Sattler at first thought of becoming an artist and went to Paris in 1921, where for a time she studied sculpture with Constantin Brâncuși at the Académie de la Grande Chaumière in Paris. She first met Marcel Duchamp in 1923 at a ball given in her honor by American sculptor Mariette Benedict Mills, the mother of a close friend. In 1929 Teeny married Pierre Matisse, an art dealer and the youngest son of Fauve artist Henri Matisse. They had three children: Jacqueline, Paul, and Peter. Throughout 1938, Henri Matisse made a series of portrait sketches of Alexina. When her husband was mobilized in Paris at the outbreak of World War II, she ran his gallery for some months. In 1949 Pierre and Teeny separated due to Pierre's infidelity with Patricia Kane Matta, the former wife of surrealist painter Roberto Matta. She received many important paintings in the subsequent divorce settlement.

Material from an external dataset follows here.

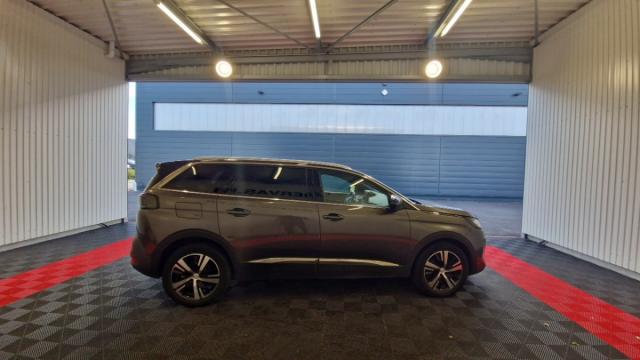Peugeot 5008 image 8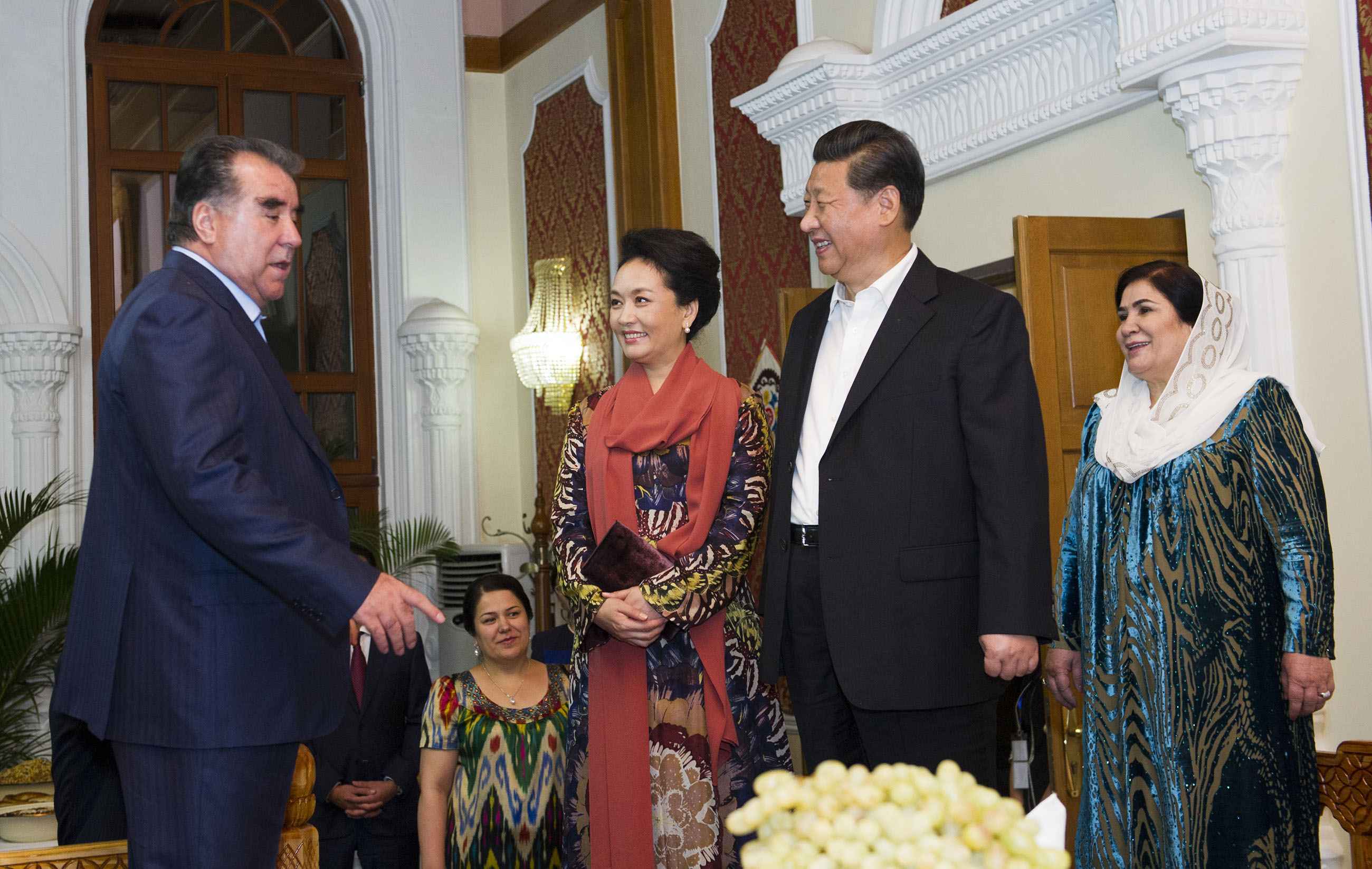 2014年9月12日，習(xí)近平主席在杜尚別出席塔吉克斯坦總統(tǒng)拉赫蒙舉行的家宴。這是習(xí)近平主席和夫人彭麗媛在拉赫蒙夫婦陪同下參觀總統(tǒng)官邸。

She worked for a time as an agent and broker for artists such as Brâncuși and Joan Miró.

== New York and marriage to Marcel Duchamp ==
In the autumn of 1951 she was invited by Dorothea Tanning to go on a weekend trip in Hunterdon County. It was on that trip that she once again met Duchamp, and romance developed shortly thereafter. They were both avid chess players. Teeny and Duchamp married in New York City on January 16, 1954. They lived in New York and in Paris; around 1958, the couple began spending summers in Cadaqués, Spain, on the Costa Brava. They were together until his death in 1968. Following Duchamp's death, Alexina moved to Villiers-sous-Grez, near Paris, where she assembled an archive of photographs and other material documenting the life and work of her late husband. She maintained a close friendship with many of Duchamp's friends, including Jasper Johns, Richard Hamilton, composer John Cage, Gianfranco Baruchello, and choreographer Merce Cunningham. Alexander Calder presented her with individually designed jewelry. She also served as an honorary trustee of the Philadelphia Museum of Art, which has the largest collection of Duchamp's work.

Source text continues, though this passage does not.